When I looked it up, for context, I read surrounding the phrase,
What chance is there of the success of real passion? What certainty of its continuance? Seeing all this as I do, and unravelling the web of human life into its various threads…
This, too, fit my essay, as if written precisely for me. I offered a quick prayer of thanks to the old Romantic.
Which may be why he visited me again, just the other day, as I drove to work. “The spirit of malevolence survives the practical exertion of it,” he whispered. “What?” I said aloud, not quite sure I’d heard correctly. “The spirit of malevolence survives the practical exertion of it,” he repeated, and this time I recognized his voice, even knew that he was quoting “On the Pleasure of Hating” again, and that he was giving me a part of my essay on spit, which was really an essay on maturing into acceptance of others. Curiously, I found when I looked it up, he seemed to be inviting me to disagree with him. Whereas Hazlitt had argued that “We give up the external demonstration, the brute violence, but cannot part with the essence or principle of hostility,” I was convinced that we can. At least I had changed in some essential way that I no longer felt the same about a friend whom I had wronged, could not reconjure in myself those feelings of disappointment and rage.
I feel quite certain that Hazlitt was OK with that.

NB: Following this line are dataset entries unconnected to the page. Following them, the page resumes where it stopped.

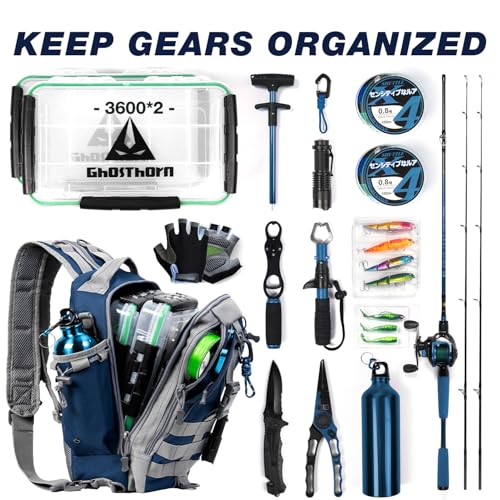 Fishing Backpack with Rod Holder (Blue)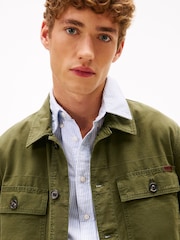 Tommy Hilfiger Green Textured Washed Sateen Utility Shirt Jacket - Image 5 of 6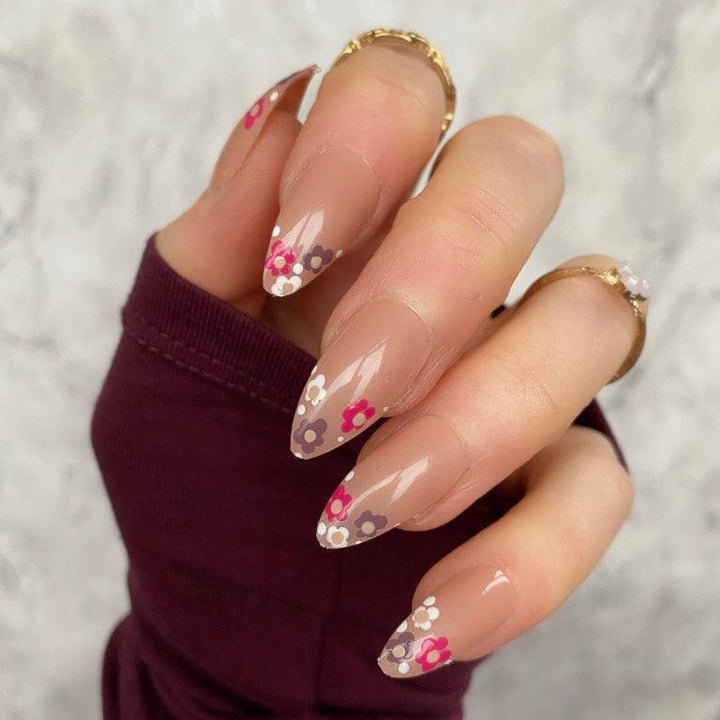 Purple Floral Almond - doobysnailsltd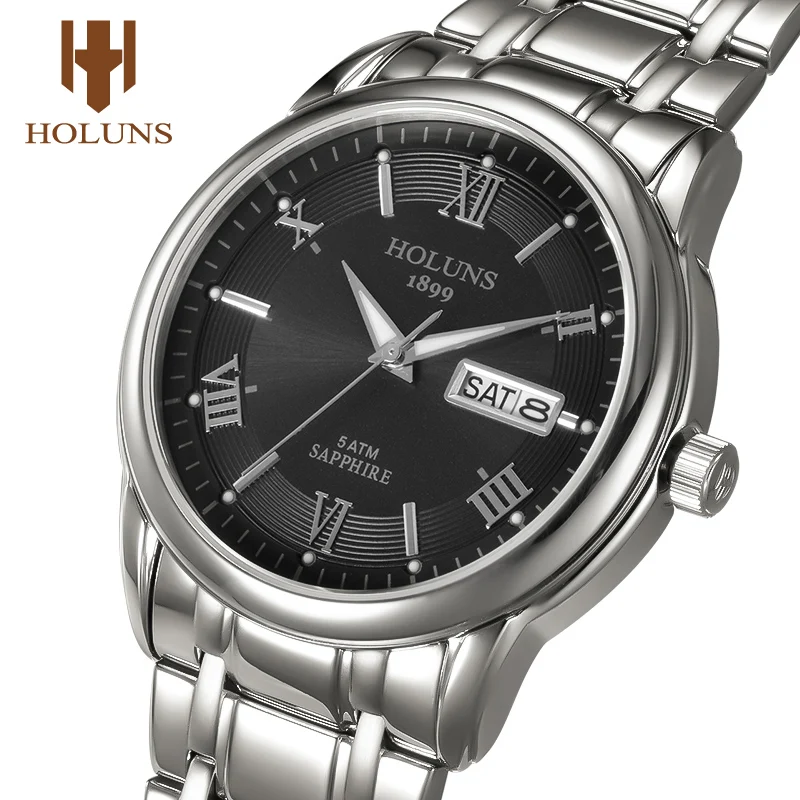 Relogio Masculino Holuns Классические наручные часы мужские топ брендовые Роскошные часы кварцевые из нержавеющей стали мужские деловые модные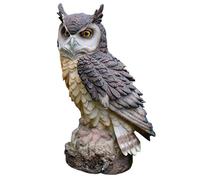 Lipeed Figurine de chouette créative en résine - Décoration pour l'intérieur et l'extérieur - Décoration de jardin - Chouette sur tronc d'arbre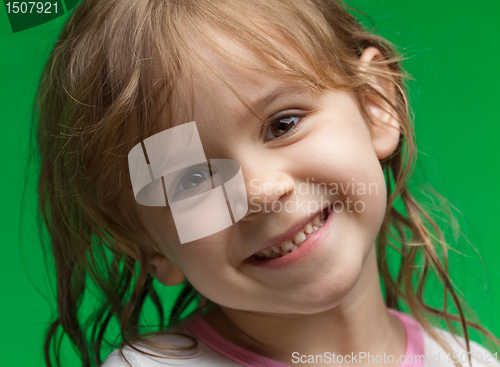 Image of Little girl with wet hair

The practice of quoting wiser others is engrained in our consciousness from an early age, when we learn, essentially, that our own thoughts are worthless unless they have a point, and our points are invalid unless we back them up with proof from reputable sources. It’s no wonder that, apart from our dutiful classwork, we take a strong disliking to quotation. But essayists use quotation in essays not as ethos-ballast to stabilize arguments nor as linguistic decoration from a lost/loved prose style, but as invitation and conversation as well as humble recognition that we are all influenced, we all think through others’ thoughts, whether we admit it or not.
I must confess that I dedicate no inconsiderable portion of my time to other people’s thoughts. I dream away my life in others’ speculations. I love to lose myself in other men’s minds. When I am not walking, I am reading; I cannot sit and think. Books think for me.
— Charles Lamb “Detached Thoughts on Books and Reading”
What I mean is that essayists are mature enough to flaunt our indebtedness to others and we want to chat with them, to invite them into our essays as we would a comfortable friend “admitted behind the curtain [to sit] down with the writer in his gown and slippers” (Hazlitt again, from “On the Periodical Essayists”). We’ve long ago discarded the myth of originality as it’s so simplistically sold, and we believe ourselves blessed to be carrying on a centuries-old conversation, exploring the world through old ideas from new perspectives. We likely believe that whatever is well said by another is ours, or, if in a metaphorical mood, “The bees plunder the flowers here and there, but afterward they make of them honey, which is all theirs,” or, if feeling neither plagiaristic nor fanciful, then “We are as much informed of a writer’s genius by what he selects as by what he originates,” which I read years ago and stored in my mind as “We know a man as much by what he quotes as by what he writes.”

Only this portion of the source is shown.